The Man Who Bought Cadillac Mountain.
John Stewart Kennedy might not be the first Kennedy people think of when they think of that last name or even of scandal, but the Scottish-born American businessman definitely made himself known in the United States and in Bar Harbor.
He is also the man who bought Cadillac Mountain.
The fifth son of nine children, Kennedy was born in 1830 in Blantyre, Scotland. His family eventually moved to Glasgow and he worked in the days as a shipping clerk and at night to finish his schooling. He eventually became a salesman at at twenty, an iron firm asked him to be its representative in North America. He returned to Glasgow for a while after his brother drowned. Once back in New York, he created a company with Morris Ketchum Jesup. They started off all about railroad iron, but recreated themselves to focus instead on banking. And eventually the New Yorkers would be Bar Harbor summer neighbors. Our local library is named after Jesup.
He formed a banking firm and his finances increased more and more until he was eventually the USA liquidator for the City of Glasow Bank shareholders. Then he became the president of the Bank of Manhatten Company. Not too bad for a kid who was a shipping clerk, trying to get his schooling done at night.
There are no trails or mountains named after John Stewart Kennedy, but he was instrumental in creating Acadia National Park. Part of the quietness around him was because he thought grand announcements were ostentatious when they were about philanthropy. Part of that lack of celebration of his accomplishments was because he was private. Part of it was because he died about ten years before Acadia became a reality.
One of the last things he told his wife, whispering on his death bed, was about a promise to buy Huguenot Head (then called Pickett Mountain). She sent a check.
John had married Emma Baker. Her dad, Cornelius, helped found New York University. They had no children, but Cornelius is remembered as a railroad builder and philanthropist. He died leaving behind $67 million.
In New York, John Stewart died of whooping cough. Emma died in Bar Harbor in 1930 at Kenarden, an estate currently owned by the Colket family, heirs to the Campbell Soup fortune. Emma was 96.

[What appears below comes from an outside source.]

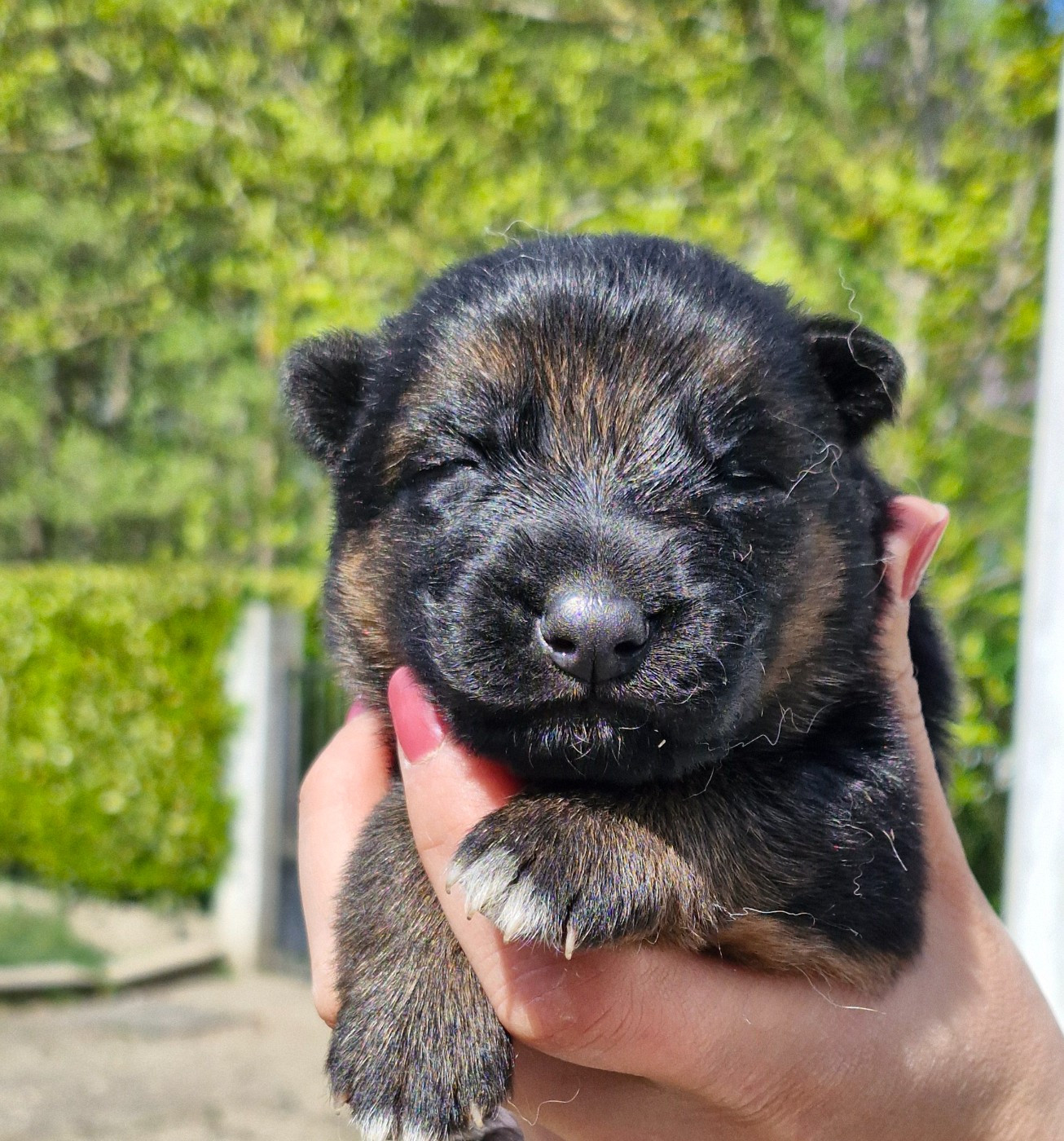 des contes de Gwelane - Chiots disponibles - Berger Allemand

They’d built Kenarden Lodge back in 1892 and at the time it was part of the Shore Path. It cost $200,000 and it had its own power plant. The estate encompassed twenty acres of woods from Cromwell Harbor’s north side to the southern part of Maine Street. There were forty-five rooms in the mock-Tudor and 250 feet faced the sea. Allegedly because of its use of electricity, which was brand new in homes and still rare, people thought it looked “like a fairy palace.” Beatrix Jones Farrand created the gardens.
William Baker writes, “In the summer of 1899 the Kennedys hosted a large, boisterous lawn party of officers from six British warships docked off Bar Harbor.
“As boars came and went all afternoon from the ships to the Kennedys’ dock, colorfully attired naval officers ate, drank, and chatted with Bar Harbor’s summer society. A British military band played all afternoon and evening. To Kennedy’s great delight, a Scotsman strutted up and down the lawn in full Highland regalia, playing bagpipes.”
Kennedy liked to nap in the morning. He was not to be disturbed. J.P. Morgan decided to visit him then, but Jim Foley, the carriage driver refused to go on the grounds. He said Morgan would have to call ahead and ask if it was okay first. Morgan wasn’t used to be told no.
Baker writes, “Jim Foley declared simply that he ‘didn’t give a damn who Morgan was.’” He cared about Kennedy.
Kennedy’s passion in those Bar Harbor summers was to improve the community, a passion and philanthropy shared by Ruth Colket now. Mrs. Colket has supported more nonprofit work in the town than can possibly be listed here.
Kennedy wanted saloons to be hidden. He wanted gambling halls banned. When the Rodick family (who supplied the town water) refused to increase his water allotment to water the gardens, he created the Bar Harbor Water Company. The public could buy stock. That company was eventually purchased by the town. He was also one of the many men who created the Hancock County Trustees of Public Reservations. This became one of the big impetuses that allowed the creation of Acadia. The goal of the group was “to acquire, hold, and maintain and improve for free public use lands in Hancock County which by reason of scenic beauty, historical interest, sanitary advantage or for other reasons may be available for that purpose.”
Kennedy’s neighbor, George Dorr (who is remembered as the father of Acadia), told him that Cadillac Mountain (it was called Green back then) was being ruined. Two inns—not snazzy inns—and a railway that went from the mountain’s peak to Eagle Lake was going to ruin the mountain. It would be commercialized. It would be overrun by tourists.
That couldn’t happen, they decided.
So, Kennedy bought the mountain.
After the Kennedys, it was purchased by Dr. Thompson Dorrance. The original lodge was torn down in 1960. And eventually, it became one of the most visited sites of Acadia National Park.